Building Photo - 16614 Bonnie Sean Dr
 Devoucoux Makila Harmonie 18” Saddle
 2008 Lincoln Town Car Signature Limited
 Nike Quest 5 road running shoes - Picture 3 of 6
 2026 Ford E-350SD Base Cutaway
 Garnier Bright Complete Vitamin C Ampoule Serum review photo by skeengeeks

EXERCISE INSTRUCTIONS:
Copy the records above exactly, from the first line through the line containing "2026 Ford E-350SD Base Cutaway", and include nothing else.

SOLUTION TO THIS TASK:
Building Photo - 16614 Bonnie Sean Dr
 Devoucoux Makila Harmonie 18” Saddle
 2008 Lincoln Town Car Signature Limited
 Nike Quest 5 road running shoes - Picture 3 of 6
 2026 Ford E-350SD Base Cutaway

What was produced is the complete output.